Da die Hunderasse Havaneser erst seit einigen Jahrzehnten gezüchtet werden, ist sie relativ frei von Krankheiten, die sich durch die Kreuzung mit verwandten Tieren leider zwangsläufig einstellen. Dennoch müssen Sie auch bei diesem Tier immer mit einigen Erbkrankheiten rechnen. Besonders Hobbyzüchter und sogenannte Vermehrer, die nicht auf den Gesundheitszustand der Elterntiere achten, verkaufen häufig Tiere mit einer erblichen Krankheit. Seriöse Züchter sortieren erkrankte Tiere hingegen sofort aus der Zucht aus und minimieren so das Risiko einer Erkrankung erheblich. Mit den folgenden beiden Havaneser Krankheiten müssen Sie aber auch in einer guten Zucht rechnen:

Patellaluxation (PL)

Dabei handelt es sich um eine Verschiebung der Kniescheibe, die zu Schmerzen bei der Bewegung bis hin zur Steifheit des Beines führen kann.
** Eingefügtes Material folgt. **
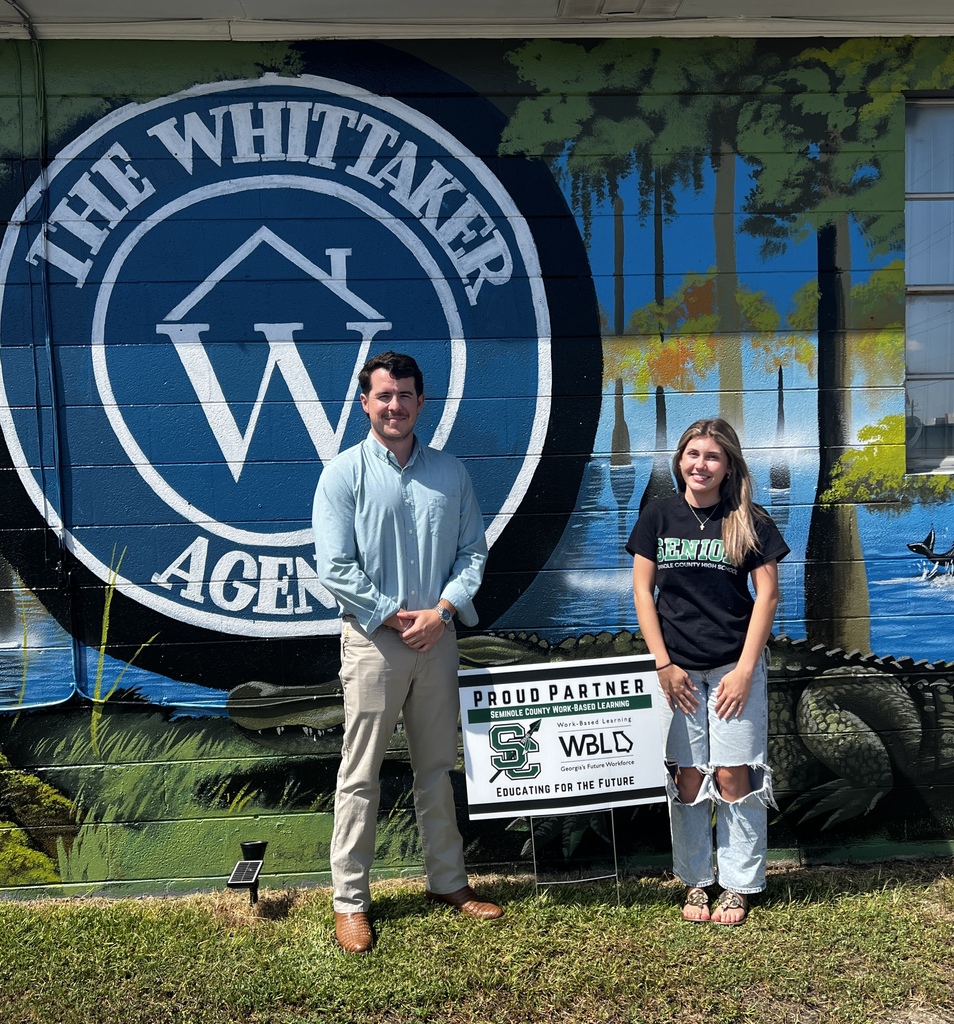 Maggie Hornsby at the The Whittaker Agency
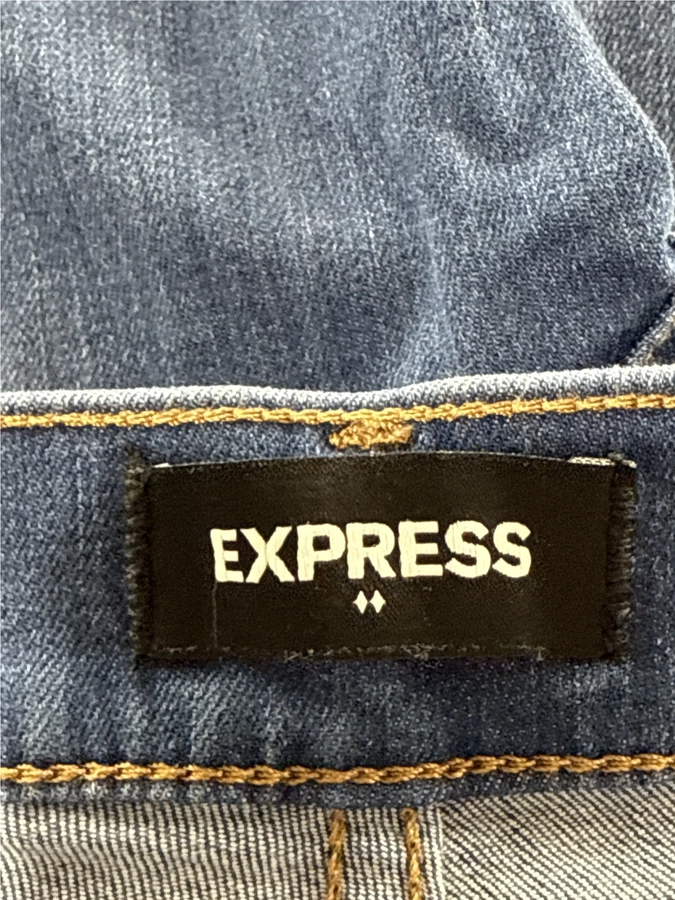 Express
Im schlimmsten Fall muss diese Krankheit operativ behandelt werden. Fast alle Hunderassen sind von der Patellaluxation betroffen.

Katarakt (Grauer Star)

Auch dabei handelt es sich um eine Erbkrankheit. Die Linse im Auge wird immer trüber, so dass der Hund immer schlechter sieht und schließlich erblindet, wenn der Katarakt nicht rechtzeitig behandelt wird. Teilweise stellt sich die Krankheit schon im Welpenstadium, teilweise aber auch erst zur Lebensmitte ein. Wer einen Havaneser Welpen kaufen möchte, sollte den Züchter um Nachweise bitten, dass diese Erbkrankheit nicht bei den Vorfahren des Hundes aufgetreten sind.